1.2. Supported Query Types

A Rank B

Overview: Given $A$ number of items, participants choose $B < A$ out and rank them based on some anchor item.
Query Interface:
- The red box displays the full pool of items.
- The green box is where the $B$ items that a participant intends to rank are placed.
- Clicking on an item in the red box transfers it to the green box, while clicking on an item in the green box returns it to the red box.
- To arrange the items, simply drag and drop them within the green box.
- A participant can only submit their response when exactly $B$ items are in the green box.
Dynamic Sampling Algorithm: Each query is generated dynamically by some algorithm.
- Random Sampling: Implements a basic approach by randomly selecting $A+1$ items from all user-provided targets.
  - Users can modify the input values for $A$, $B$, and the set of items to be ranked (see template NEXT/local/template/ArankB-init.yaml for all adjustable parameters).
- Info-Tuple Sampling: Dynamically updates an embedding based on responses received in real time and selects the tuple of items expected to yield the highest information gain as the subsequent query.
  - In addition to the configurable options mentioned above, users can adjust a range of parameters unique to Info-Tuple Sampling, including the number of burn-in iterations, total iterations, down-sampling rate, and more (see template NEXT/local/template/ArankB-init.yaml for comprehensive configuration details and explanations for each parameter).

Binary Sentiment Word Classification Rank One and Rank N

Overview: Given $n$ words, participants needs to choose the most positive word(Rank One)/ rank from most positive to most negative(Rank N).
Query Interface for Rank One:
- The central box displays the full pool of words.
- Clicking on a word will highlight it to indicate choice.
Query Interface for Rank N:
- The central box displays the full pool of words.
- Clicking on an word will highlight it to indicate choice.
- A participant can only submit their response when exactly one word is clicked.
Static Sampling Algorithm:
- Read CSV: Given a CSV file where each row represents the content of one query. Truncate the first number_of_queries rows off and naively present them as query.
  - A specific way of implementing static sampling explained previously.

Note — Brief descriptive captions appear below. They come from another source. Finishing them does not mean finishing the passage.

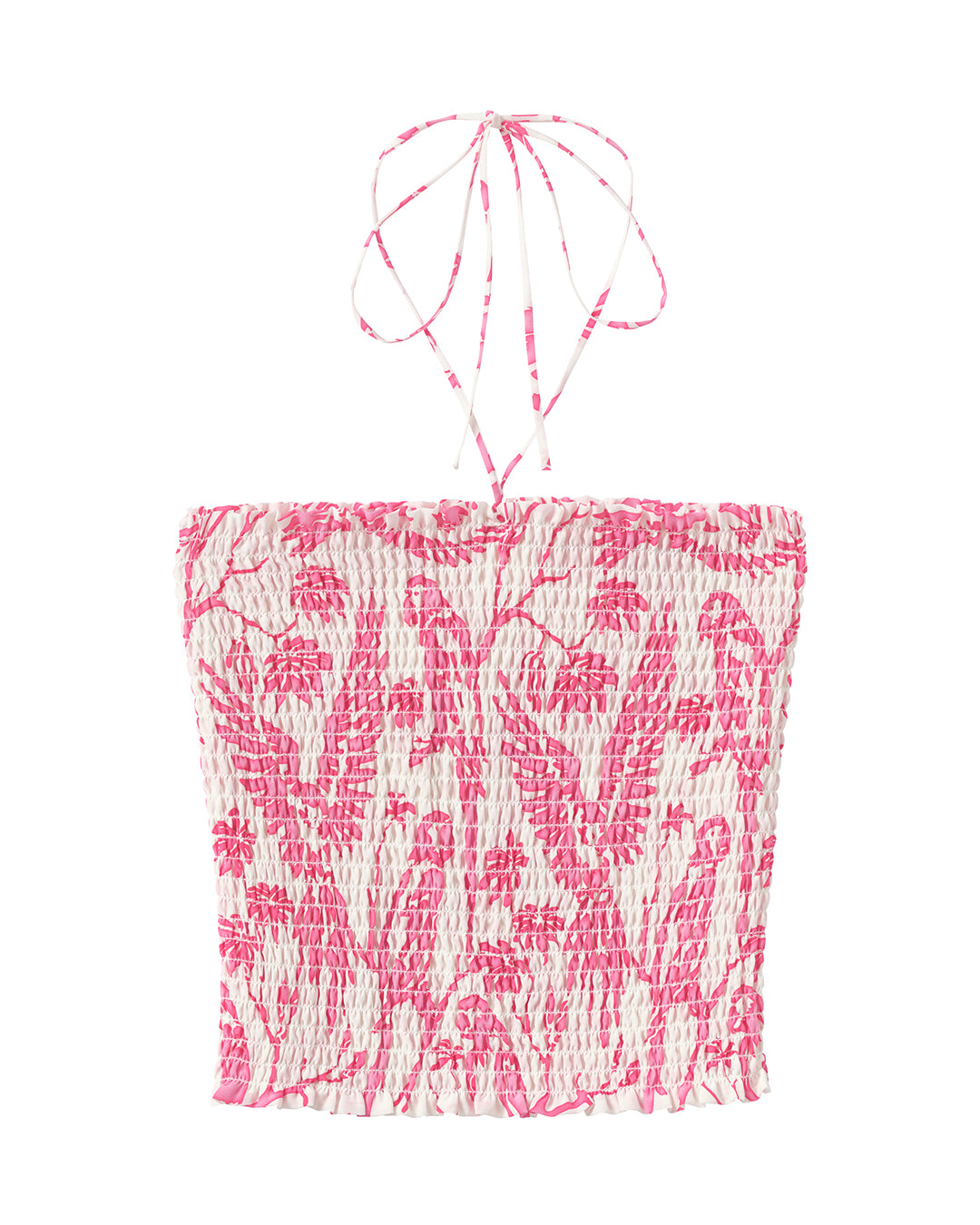 Pink House silk ruffle bandeau top in Parrot Pink – luxury crepe-de-Chine resortwear by Lotty B, ideal for beach holidays and travel.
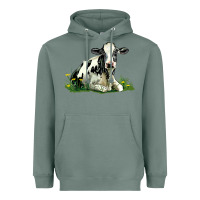 Sage holstein cow sitting Heavyweight Hoodie - LillyAllenDesigns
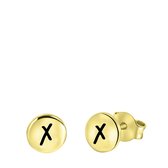 Zilveren oorbellen goldplated disc alfabet - X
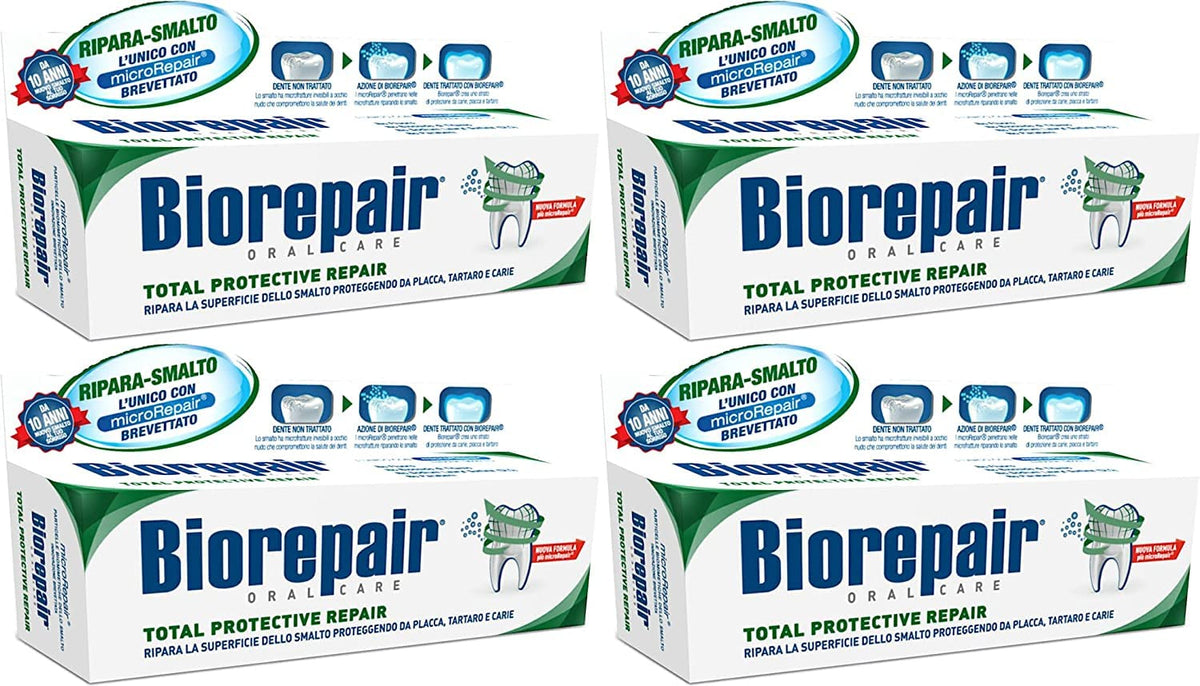 Biorepair Total Protective Repair, pasta dental en caja, protege esmalte y reduce desgaste.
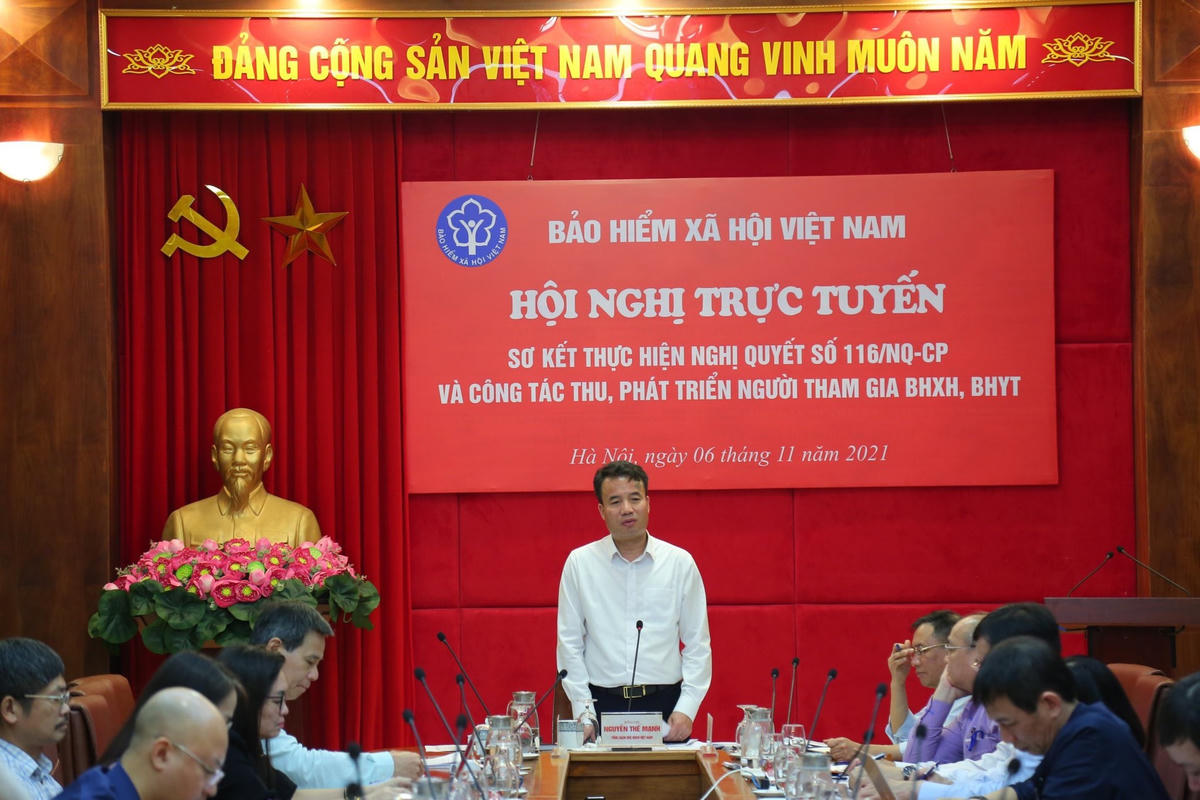Tổng Giám đốc BHXH Việt Nam Nguyễn Thế Mạnh chỉ đạo tại Hội nghị sơ kết thực hiện Nghị quyết 116/NQ-CP tháng 11/2021.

Pool Based Triplets(By Neuromatch)

Overview: Given an item triplet. Participants need to choose one item out of two give an anchor.
Query Interface:
- The top box displays the anchor item.
- Clicking one of the item on the bottom to suggest preference.
- Next query will automatically load after clicking.
Sampling Algorithm:
- CrowdKernel
- RandomSampling
- STE
- UncertaintySampling
- ValidationSampling
  - User can decide what algorithms to include with what proportion. Refer to NEXT/local/PBS-init.yaml for more details.

1.3. Experiment Outcomes

Results Overview: All experiment-related input, whether provided by the user or generated by the system, is accessible at all times. Additionally, data such as embeddings, participant counts, and received responses can be monitored continuously, although the update frequency may vary based on the algorithm.
Performance Metrics: The performance metrics available to the user include an algorithmic timing plot for each type of request, which details how long the NEXT system took to respond to a sequence of requests, as well as a histogram that presents client-side or participant-side timing data, among other information.

2. Preparation

2.1. AWS Instance Setup

This section describes how to set up an AWS instance to host the NEXT ML platform. Instructions for how to run the system locally can be found in the README.md of the local directory in the NEXT github repository. We assume that you have an AWS account and are familiar with computer systems, linux, SSH and the terminal.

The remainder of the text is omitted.